I know what is geqo and know about limit when it is in action. Moreover, I actually tried to set these parameters to 100 and it doesn't help
> Hi Игорь
> I suggest running Explain and Analyze to see what the actual query results vs the planner are ,
> Post the SQL code
let me show 2 variants of "explain analyze" which differs only by actual rows returned by inner node (9th row):
1st case: https://explain.depesz.com/s/lA4f 45358 rows actually returned and postgres decided to join each row of 45358 set with each row in yankee_foxtrot using seq scan:
Seq Scan on yankee_foxtrot foxtrot_bravo (cost=0.000..267.670 rows=7,467 width=13) (actual time=0.003..1.090 rows=7,467 loops=45,358)
and then filter it:
Rows Removed by Join Filter: 338685224
it was an awful choice =)
Why planner mistakes in determining the number of rows (every time planner expects only 1 row) in this step I can understand - inner nodes do some joins (inner and outer with filtration) and it's hard to predict result.

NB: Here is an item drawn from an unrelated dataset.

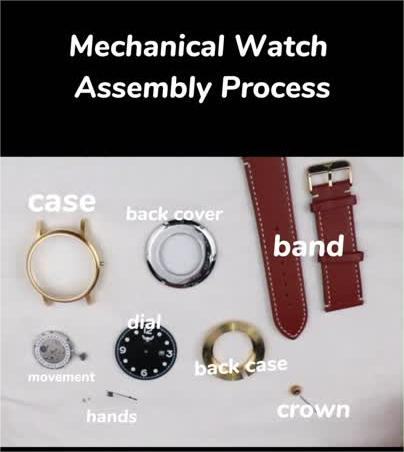 Why does OEM Watches have Long Production Times? 2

But what I can't understand is why seq scan when it is always slower than index. Forget to mention that join condition is by unique key. So, when planner expects only 1 row then it must join only one row from second table!
In this step of planning statistics can't help (let me know if I'm wrong). Using stats, planner knows everything about second table (yankee_foxtrot) but It can only suggest approximate stats of first set (and it actually wrongs about it)
And yes I know about the possibility of explicit joining
> forgot to state
> Generally, it's index scan -> bitmap index scan -> sequential scan, the more rows expected to be retrieved to number of rows in the table the more likely the planner will go to sequential scan
The key word is "expected" here I assume and according to expectation of planner it must be only 1 row...
So, to conclude: I know how to make my query faster (how to exclude this "seq scan") but what I really what to understand: WHY seq scan is in my plan? Why planner thinks it's the best choice?
Why planner mistakes in determining the number of rows (every time planner expects only 1 row) in this step I can understand - inner nodes do some joins (inner and outer with filtration) and it's hard to predict result. But what I can't understand is why seq scan when it is always slower than index.
27.11.2019, 15:42, "Andrei Zhidenkov" <[hidden email]>:
> At this point I disagree. It’s faster to fetch one row using seq scan that using index scan as well as fetching number of consecutive rows is faster via seq scan. Index scan is not always faster.
Yes, you are right in common: Index scan is not always faster.
But in my current case I have table with ~8k tuples (309 relpages) and to find 1 row in the worst case (when this row in the last page) we need 309 heap fetches.
For the same table to find one unique tuple in index we need about 4 (not sure about this number) index fetches and 1 heap fetch. That's why I decided that index scan is faster.
When I was thinking about your point I looked at pg_class table to determine relpages for both index and table. Index had more than 700 pages... Index bloat?
So, I dropped and recreated index. Now it takes only 33 pages. And yes, my plan is now using index only scan
Ok, last question here - even with bloated index overall number of index fetches must be much lower than 309. Am I wrong?